Lawrence's case is different. Lawrence did not settle his case against Ledwig and Nationwide for policy limits. Furthermore, he failed to allow State Auto to pay him the tentative $65,000 settlement amount so that State Auto, as subrogee, could pursue additional monies under the tortfeasor's policy. Lawrence's settlement extinguished State Auto's ability to protect its subrogation interests in the remaining $35,000 of the $100,000 available under Ledwig's Nationwide policy. As such, Shelter Mutual Insurance does not apply.
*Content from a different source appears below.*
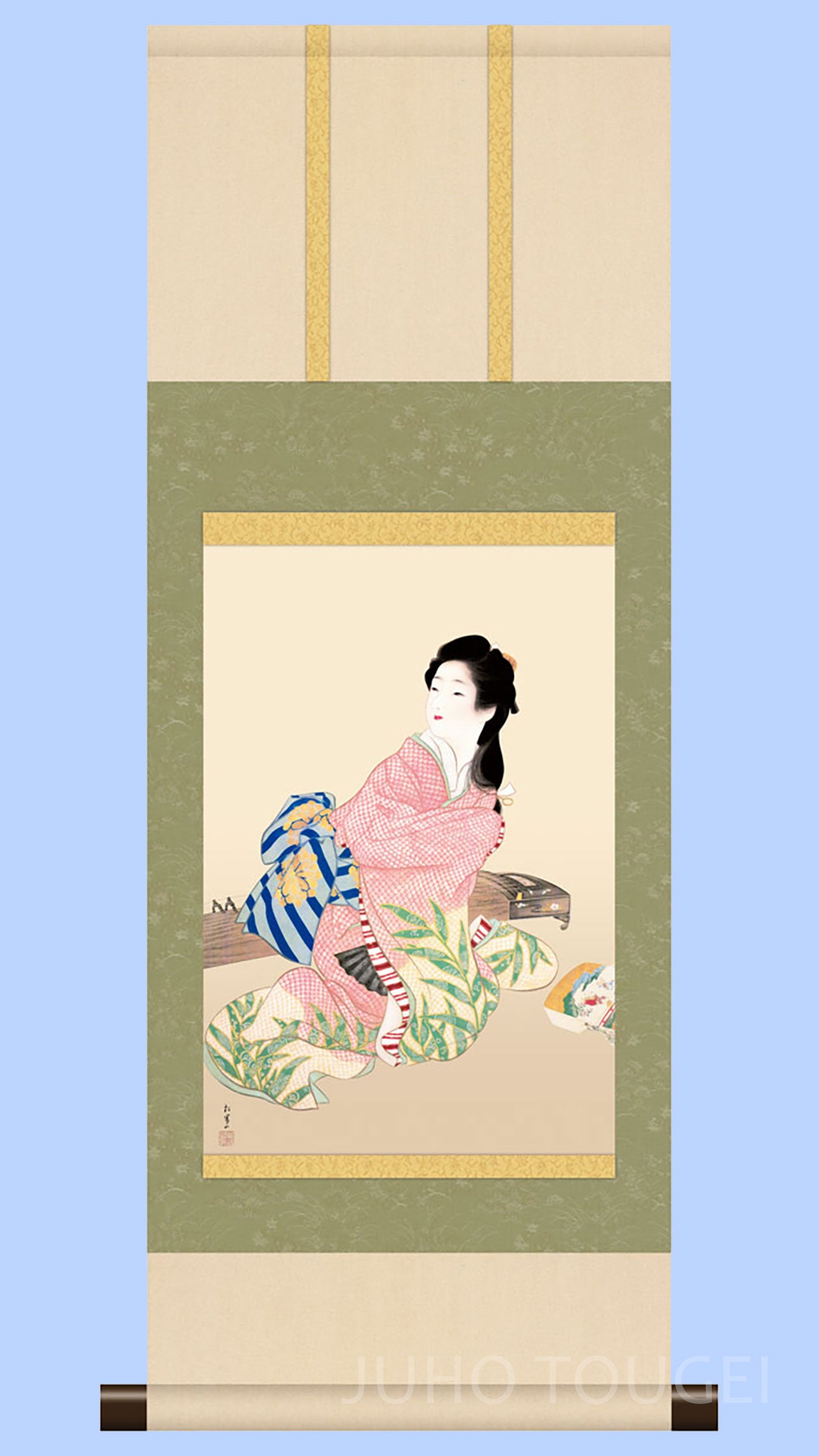 ミニ掛け軸　名画複製画　上村松園　娘深雪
For the foregoing reasons, we affirm.
The Honorable George Howard Jr., United States District Judge for the Eastern District of Arkansas
Specifically, Lawrence argues that the district court erred in construing the policy as clearly excluding coverage under the facts of this case without regard to the issue of harm to State Auto. He argues that controlling Arkansas case law should be limited to its facts and that the district court's "unreasonably narrow construction" of the policy excluded a reasonable third option allowing UIM coverage when an insured provides notice of a proposed below-limits settlement and the UIM carrier elects not to participate in the litigation. In addition, Lawrence argues that the district court erred in failing to require State Auto to show that his failure to strictly or substantially comply with terms of the policy caused any real harm to State Auto or that it resulted in forfeiture of benefits
Ark.Code Ann. § 23-89-209(a)(3) (Supp. 1997) provides:
(3) The coverage shall enable the insured or the insured's legal representative to recover from the insurer the amount of damages for bodily injuries to or death of an insured which the insured is legally entitled to recover from the owner or operator of another motor vehicle whenever the liability insurance limits of such other owner or operator are less than the amount of the damages incurred by the insured.